Work to complete: In the listing beneath this line, copy exactly the lines starting with the one containing "Motiza - Ricinus olie - 30ml" and going on through the one containing "Used Buick GT".

Input material:
——————
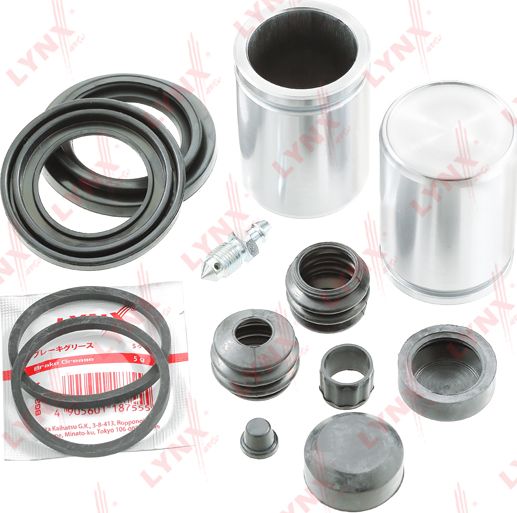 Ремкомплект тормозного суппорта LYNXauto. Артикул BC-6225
——————
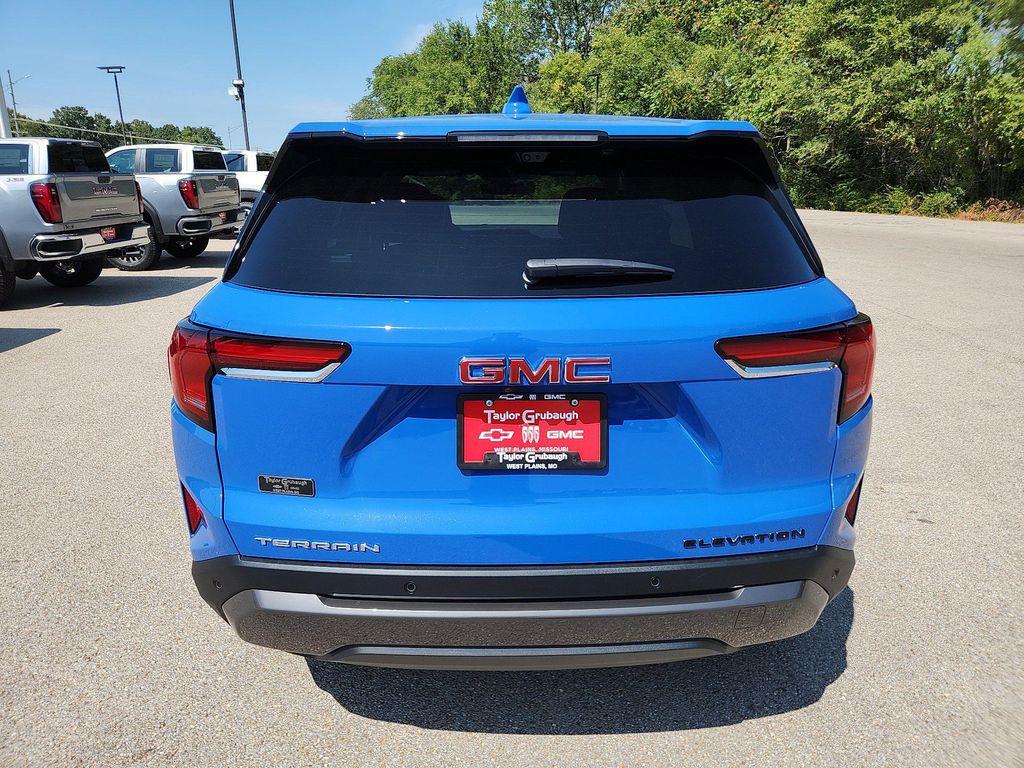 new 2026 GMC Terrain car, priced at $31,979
——————
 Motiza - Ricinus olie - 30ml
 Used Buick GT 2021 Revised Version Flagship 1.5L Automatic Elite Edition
——————
Response area:
 Motiza - Ricinus olie - 30ml
 Used Buick GT 2021 Revised Version Flagship 1.5L Automatic Elite Edition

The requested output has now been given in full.